§ **SOURCE MATERIAL**
- - - -

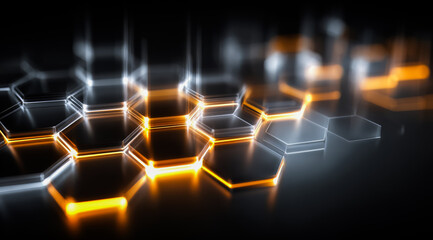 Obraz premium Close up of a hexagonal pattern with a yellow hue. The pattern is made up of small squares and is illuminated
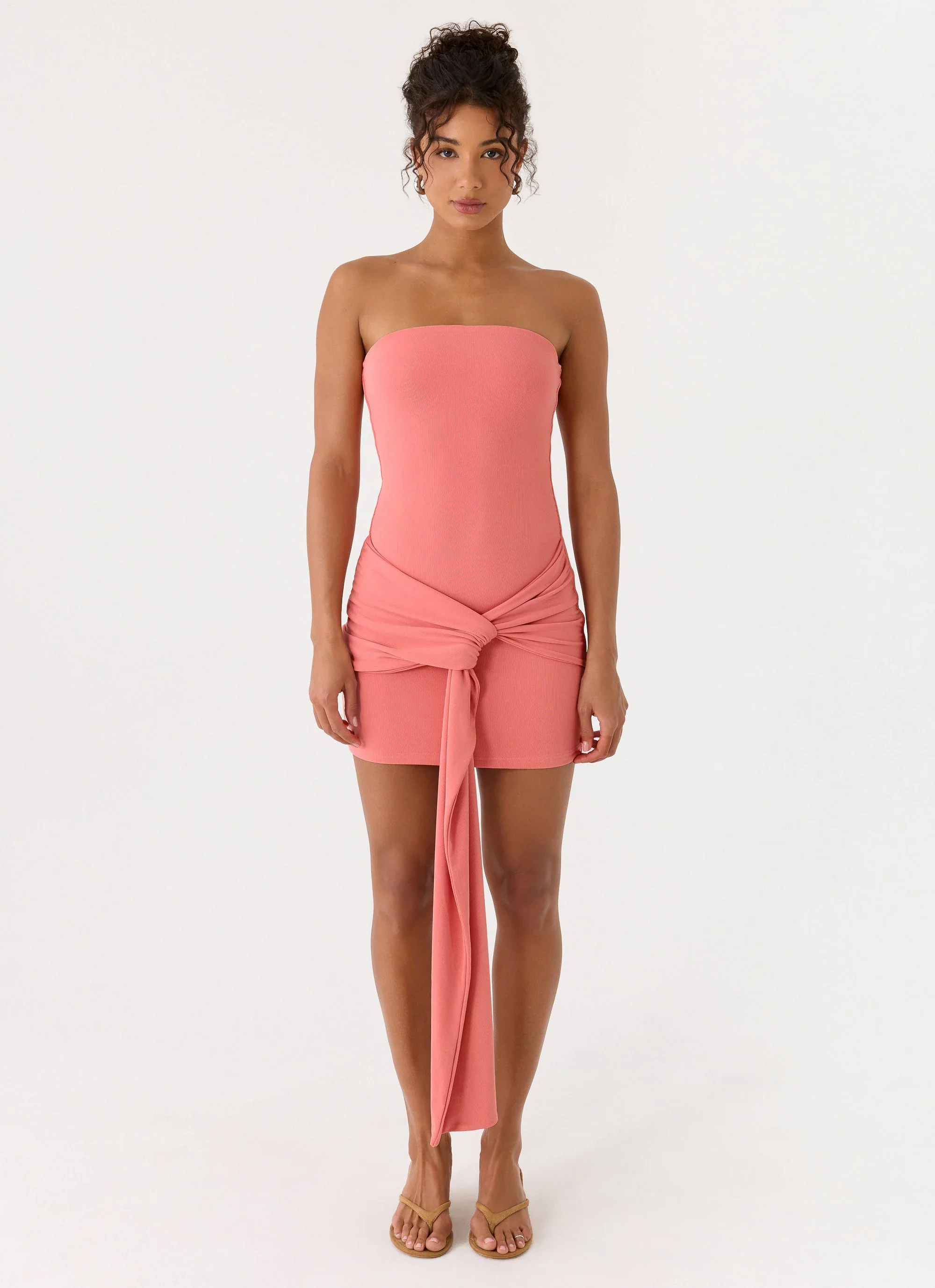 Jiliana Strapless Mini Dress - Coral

- - - -

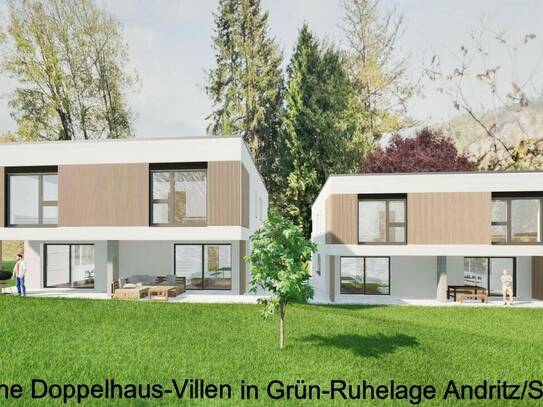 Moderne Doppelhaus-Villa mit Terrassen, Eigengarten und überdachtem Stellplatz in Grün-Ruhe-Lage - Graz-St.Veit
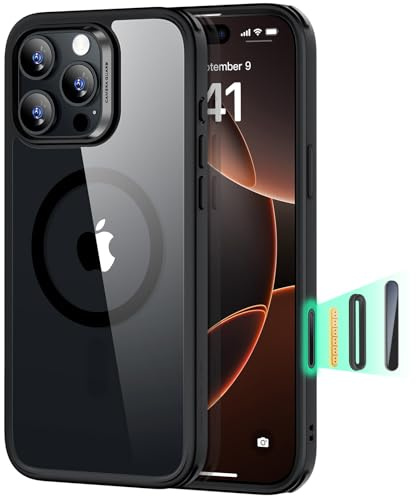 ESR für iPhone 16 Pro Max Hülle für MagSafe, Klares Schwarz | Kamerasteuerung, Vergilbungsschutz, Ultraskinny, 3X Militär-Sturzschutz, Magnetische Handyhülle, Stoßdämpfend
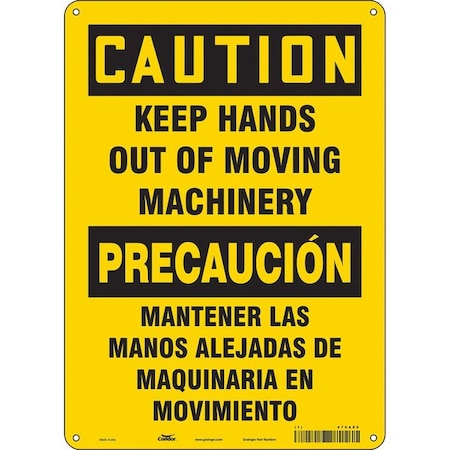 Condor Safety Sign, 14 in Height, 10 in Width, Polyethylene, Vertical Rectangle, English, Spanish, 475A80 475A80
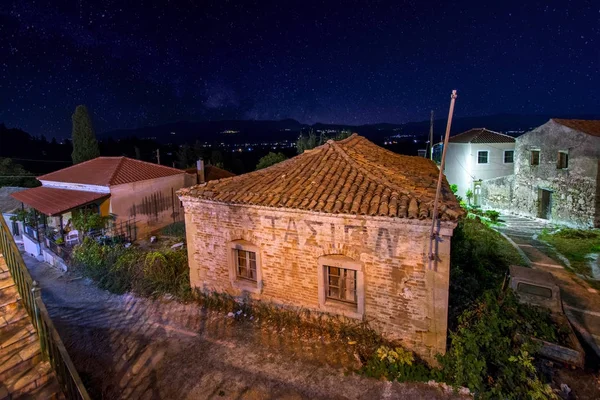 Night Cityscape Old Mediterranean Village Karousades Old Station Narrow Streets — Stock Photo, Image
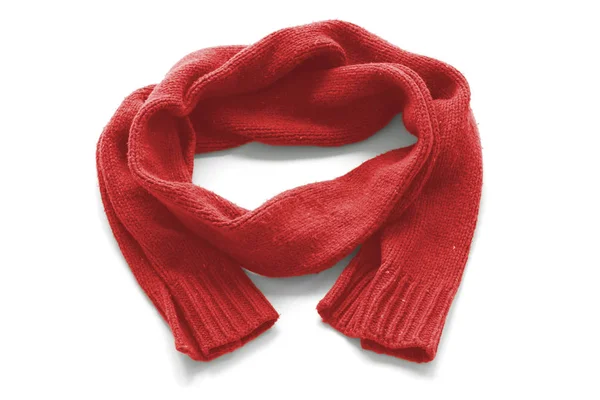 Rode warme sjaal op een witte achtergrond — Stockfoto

- - - -

§ **EXERCISE BRIEF**
Print exactly, with no pictures, the lines above from the one that holds "Obraz premium Close" through the one that holds "Jiliana Strapless Mini Dress - Coral", both of them included.

§ **SOLUTION**
 Obraz premium Close up of a hexagonal pattern with a yellow hue. The pattern is made up of small squares and is illuminated
 Jiliana Strapless Mini Dress - Coral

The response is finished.